The infamous Raiders only existed—in an LA Raiders sense anyways—between 1982 and 1994. Even a few years ago, I was selling vintage Raiders Starter caps for anywhere up to $80. Why would people want to wear the cap of a team that now resides in Oakland and is, at best, an average NFL team? Well, their legacy lies with their time in LA, of course, but the football was almost coincidental.
In case you've never seen or heard of the Raiders, they are an NFL football team who play in black and silver, their logo being a pirate, which further reinforced the outlaw connotations of the gnarly name. It was this symbolism that attracted the first real gangster rap group—what a hateful phrase, btw—to their wares, and when N.W.A. exploded onto the scene in 1988 with their first proper album—N.W.A. And The Posse doesn't really count—they looked amazing.

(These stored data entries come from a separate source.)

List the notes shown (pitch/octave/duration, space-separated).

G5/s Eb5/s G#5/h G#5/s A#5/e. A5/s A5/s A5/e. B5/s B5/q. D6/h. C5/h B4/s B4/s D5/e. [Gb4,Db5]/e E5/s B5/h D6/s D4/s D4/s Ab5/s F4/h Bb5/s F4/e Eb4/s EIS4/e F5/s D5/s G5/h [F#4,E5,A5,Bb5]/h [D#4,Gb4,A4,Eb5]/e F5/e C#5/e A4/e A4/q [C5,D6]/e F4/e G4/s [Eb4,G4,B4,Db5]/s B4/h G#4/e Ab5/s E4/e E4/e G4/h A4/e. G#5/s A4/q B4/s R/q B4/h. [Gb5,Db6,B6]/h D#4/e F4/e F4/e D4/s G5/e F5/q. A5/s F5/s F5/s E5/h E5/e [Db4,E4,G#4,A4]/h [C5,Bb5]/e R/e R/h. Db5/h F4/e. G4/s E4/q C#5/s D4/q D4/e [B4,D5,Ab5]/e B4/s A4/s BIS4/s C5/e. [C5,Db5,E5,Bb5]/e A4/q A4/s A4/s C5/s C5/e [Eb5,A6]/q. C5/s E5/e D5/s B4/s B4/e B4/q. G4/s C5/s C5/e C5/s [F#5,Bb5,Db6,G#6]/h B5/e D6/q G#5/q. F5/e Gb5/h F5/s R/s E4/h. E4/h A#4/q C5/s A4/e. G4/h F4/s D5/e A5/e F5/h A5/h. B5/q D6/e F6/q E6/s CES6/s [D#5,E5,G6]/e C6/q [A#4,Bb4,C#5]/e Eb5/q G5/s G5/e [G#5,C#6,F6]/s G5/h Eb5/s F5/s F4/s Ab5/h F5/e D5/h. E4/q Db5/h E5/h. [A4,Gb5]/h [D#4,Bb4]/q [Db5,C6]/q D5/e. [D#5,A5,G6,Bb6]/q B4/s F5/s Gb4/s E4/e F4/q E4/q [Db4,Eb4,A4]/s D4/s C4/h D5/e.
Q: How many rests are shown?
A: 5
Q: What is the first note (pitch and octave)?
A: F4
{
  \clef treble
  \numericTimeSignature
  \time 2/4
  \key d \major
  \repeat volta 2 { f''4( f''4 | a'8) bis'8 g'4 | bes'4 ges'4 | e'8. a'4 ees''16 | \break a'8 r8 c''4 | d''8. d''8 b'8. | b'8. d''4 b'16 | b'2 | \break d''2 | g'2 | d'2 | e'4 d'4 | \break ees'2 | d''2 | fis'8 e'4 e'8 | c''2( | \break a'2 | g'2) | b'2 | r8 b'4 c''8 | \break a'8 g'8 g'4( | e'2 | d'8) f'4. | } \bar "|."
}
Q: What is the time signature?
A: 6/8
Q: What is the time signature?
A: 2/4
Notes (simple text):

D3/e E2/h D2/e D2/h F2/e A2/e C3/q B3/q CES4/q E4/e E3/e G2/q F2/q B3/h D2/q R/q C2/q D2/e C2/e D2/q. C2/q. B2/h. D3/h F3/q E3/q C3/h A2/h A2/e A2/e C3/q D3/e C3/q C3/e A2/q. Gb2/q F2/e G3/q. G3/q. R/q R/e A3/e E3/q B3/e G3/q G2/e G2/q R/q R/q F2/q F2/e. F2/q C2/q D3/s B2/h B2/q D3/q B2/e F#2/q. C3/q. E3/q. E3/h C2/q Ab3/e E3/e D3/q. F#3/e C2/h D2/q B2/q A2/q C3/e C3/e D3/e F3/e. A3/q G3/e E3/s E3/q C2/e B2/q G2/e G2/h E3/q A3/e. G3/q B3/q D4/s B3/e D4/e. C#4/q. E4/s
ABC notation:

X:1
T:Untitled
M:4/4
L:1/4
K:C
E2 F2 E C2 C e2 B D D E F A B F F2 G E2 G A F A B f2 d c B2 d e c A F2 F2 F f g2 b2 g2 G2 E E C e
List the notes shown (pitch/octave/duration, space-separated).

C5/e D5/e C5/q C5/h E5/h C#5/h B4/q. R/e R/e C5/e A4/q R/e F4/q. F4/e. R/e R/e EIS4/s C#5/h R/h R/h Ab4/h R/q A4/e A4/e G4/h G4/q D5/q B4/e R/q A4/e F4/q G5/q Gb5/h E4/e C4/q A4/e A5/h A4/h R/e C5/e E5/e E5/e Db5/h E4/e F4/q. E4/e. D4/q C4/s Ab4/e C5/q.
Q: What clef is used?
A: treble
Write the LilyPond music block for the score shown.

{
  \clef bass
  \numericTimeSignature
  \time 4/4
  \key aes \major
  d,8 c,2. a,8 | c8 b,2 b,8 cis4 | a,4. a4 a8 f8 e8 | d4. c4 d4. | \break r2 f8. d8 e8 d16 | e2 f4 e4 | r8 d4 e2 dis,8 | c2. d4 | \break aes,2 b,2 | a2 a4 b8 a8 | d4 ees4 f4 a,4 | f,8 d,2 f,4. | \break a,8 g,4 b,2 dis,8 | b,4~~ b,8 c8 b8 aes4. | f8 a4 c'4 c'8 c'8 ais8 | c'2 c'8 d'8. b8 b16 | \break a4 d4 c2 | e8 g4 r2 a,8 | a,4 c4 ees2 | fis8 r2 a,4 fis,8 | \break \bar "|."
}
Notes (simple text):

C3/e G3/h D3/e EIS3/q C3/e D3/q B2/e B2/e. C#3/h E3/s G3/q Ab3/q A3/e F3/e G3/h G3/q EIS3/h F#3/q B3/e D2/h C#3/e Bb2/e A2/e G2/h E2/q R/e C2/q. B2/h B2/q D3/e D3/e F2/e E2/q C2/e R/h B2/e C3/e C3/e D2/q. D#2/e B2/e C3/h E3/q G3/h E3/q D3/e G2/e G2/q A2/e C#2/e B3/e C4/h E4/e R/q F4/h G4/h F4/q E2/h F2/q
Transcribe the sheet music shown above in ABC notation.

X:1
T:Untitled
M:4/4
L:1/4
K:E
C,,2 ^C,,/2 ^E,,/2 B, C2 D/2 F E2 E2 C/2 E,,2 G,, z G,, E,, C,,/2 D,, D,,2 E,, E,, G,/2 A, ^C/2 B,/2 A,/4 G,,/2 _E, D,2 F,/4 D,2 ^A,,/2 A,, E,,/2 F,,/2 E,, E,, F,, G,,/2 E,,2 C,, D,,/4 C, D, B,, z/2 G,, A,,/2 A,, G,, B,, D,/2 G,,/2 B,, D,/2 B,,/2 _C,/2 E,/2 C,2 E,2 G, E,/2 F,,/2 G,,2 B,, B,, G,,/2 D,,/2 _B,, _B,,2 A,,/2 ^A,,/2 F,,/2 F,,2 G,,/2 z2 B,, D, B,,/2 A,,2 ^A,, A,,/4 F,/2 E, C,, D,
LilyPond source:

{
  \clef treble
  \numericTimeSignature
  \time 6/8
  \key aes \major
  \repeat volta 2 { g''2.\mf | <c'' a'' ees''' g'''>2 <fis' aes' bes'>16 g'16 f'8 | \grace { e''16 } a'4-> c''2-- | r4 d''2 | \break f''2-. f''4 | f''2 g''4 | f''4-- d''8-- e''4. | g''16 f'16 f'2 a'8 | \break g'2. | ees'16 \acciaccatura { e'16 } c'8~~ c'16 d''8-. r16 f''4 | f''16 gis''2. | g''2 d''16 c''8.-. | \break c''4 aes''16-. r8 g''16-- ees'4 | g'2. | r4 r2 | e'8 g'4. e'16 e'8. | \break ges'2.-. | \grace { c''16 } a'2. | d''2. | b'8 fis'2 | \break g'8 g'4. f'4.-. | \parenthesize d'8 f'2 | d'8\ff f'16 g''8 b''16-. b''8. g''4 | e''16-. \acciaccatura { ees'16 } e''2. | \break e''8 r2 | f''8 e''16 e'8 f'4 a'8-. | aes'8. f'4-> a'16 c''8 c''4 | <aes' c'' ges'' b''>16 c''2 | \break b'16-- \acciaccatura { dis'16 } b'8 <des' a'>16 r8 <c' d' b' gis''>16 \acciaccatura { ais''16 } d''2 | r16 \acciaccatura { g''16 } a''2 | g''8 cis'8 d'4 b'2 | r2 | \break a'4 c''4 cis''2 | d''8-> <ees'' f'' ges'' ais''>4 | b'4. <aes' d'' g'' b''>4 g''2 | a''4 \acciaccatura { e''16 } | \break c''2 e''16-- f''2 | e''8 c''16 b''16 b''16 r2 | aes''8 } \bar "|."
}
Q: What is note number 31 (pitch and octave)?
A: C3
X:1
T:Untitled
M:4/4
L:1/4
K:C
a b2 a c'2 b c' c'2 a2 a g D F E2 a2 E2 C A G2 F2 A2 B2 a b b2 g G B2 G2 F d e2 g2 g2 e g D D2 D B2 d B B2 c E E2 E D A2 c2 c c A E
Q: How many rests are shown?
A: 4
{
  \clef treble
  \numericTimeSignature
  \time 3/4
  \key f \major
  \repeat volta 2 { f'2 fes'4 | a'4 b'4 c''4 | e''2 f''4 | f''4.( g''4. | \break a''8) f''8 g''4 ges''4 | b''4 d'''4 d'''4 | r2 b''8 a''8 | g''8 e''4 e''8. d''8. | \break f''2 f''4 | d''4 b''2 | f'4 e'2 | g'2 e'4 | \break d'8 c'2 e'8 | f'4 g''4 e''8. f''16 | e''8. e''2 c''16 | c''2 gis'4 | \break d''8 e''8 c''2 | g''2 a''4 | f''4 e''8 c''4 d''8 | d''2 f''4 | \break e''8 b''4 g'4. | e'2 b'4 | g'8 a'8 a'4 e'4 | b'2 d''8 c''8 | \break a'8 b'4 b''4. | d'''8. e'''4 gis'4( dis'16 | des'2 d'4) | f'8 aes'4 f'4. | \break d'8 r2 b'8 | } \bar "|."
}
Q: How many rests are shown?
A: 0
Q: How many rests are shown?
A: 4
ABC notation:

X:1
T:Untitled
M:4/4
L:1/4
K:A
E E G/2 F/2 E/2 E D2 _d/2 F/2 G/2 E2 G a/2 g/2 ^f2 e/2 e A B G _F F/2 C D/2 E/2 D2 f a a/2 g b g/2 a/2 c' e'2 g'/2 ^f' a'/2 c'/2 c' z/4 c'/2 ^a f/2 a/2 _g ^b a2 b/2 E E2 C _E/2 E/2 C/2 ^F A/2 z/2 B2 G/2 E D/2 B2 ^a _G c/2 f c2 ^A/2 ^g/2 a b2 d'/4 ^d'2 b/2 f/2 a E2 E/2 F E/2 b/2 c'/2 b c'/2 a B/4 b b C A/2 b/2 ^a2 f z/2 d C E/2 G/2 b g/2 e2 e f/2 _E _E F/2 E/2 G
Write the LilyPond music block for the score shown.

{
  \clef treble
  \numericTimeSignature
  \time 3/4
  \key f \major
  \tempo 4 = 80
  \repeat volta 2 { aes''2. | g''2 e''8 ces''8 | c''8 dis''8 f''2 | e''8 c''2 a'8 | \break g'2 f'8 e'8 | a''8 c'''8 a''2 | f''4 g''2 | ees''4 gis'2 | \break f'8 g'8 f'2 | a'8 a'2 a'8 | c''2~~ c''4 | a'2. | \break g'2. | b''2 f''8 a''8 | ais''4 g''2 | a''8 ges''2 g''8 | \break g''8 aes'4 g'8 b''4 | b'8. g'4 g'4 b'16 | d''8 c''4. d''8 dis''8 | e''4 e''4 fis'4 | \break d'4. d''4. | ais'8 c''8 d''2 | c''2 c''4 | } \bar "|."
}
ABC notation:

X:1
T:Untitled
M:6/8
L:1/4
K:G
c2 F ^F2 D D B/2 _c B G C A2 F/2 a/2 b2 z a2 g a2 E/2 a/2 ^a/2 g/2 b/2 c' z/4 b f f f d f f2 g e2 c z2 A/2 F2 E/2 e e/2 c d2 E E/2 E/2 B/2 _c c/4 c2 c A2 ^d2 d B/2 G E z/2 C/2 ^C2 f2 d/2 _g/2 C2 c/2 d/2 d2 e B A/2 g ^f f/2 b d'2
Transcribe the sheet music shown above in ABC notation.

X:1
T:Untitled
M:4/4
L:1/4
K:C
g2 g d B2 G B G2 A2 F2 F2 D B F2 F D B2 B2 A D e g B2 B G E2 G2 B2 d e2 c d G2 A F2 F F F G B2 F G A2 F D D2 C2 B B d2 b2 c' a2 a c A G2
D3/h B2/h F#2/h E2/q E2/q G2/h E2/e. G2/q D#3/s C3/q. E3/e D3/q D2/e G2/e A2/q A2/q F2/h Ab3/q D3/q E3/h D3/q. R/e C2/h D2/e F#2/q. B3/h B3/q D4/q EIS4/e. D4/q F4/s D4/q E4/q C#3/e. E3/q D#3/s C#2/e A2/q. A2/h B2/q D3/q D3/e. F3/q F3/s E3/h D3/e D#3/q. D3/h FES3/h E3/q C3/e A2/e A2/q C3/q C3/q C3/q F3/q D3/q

The monochrome was only broken by the Raiders logo on their satin coach jackets or caps and occasionally white Nikes. They were a force whose notoriety gained them worldwide, er, notoriety. I can remember being about 10 or 11, around about the time of the release of N.W.A.'s sophomore release, and hearing a talk show host on the radio calling for their records to be banned. A Tennessee judge did actually rule their Straight Outta Compton—and subsequently 2 Live Crew's Nasty As They Wanna Be—obscene under state law. Conviction for selling these records could bring fines from $10,000 to $100,000, depending upon the involvement of minors in the offense.
But it wasn't just their music that was provocative of violence, their image was. I guess for the mainstream charts at the time—which were plagued by bad hair metal and stadium rockers with their leather gear and hairspray—four black guys head to toe in black from South Central Los Angeles were a shock to the system. Sure, the lyrics were brash and violent, perhaps juvenile and certainly misogynistic, but they were real. I once saw an interview with Ice-T and he said he didn't mean to start "gangster rap", and certainly never called it that, he always thought of it as "reality rap".
Well, the reality of the Raiders was almost as violent as N.W.A. themselves. Joh Matuszak was notorious for his drug intake, Bob Brown would take his guns to practice, shooting them off behind a local motel, and these were some of the team's stars, who they apparently got away with it "because they won". And the rappers themselves almost took after their heroes, as everyone in LA at the time were huge Raiders fans.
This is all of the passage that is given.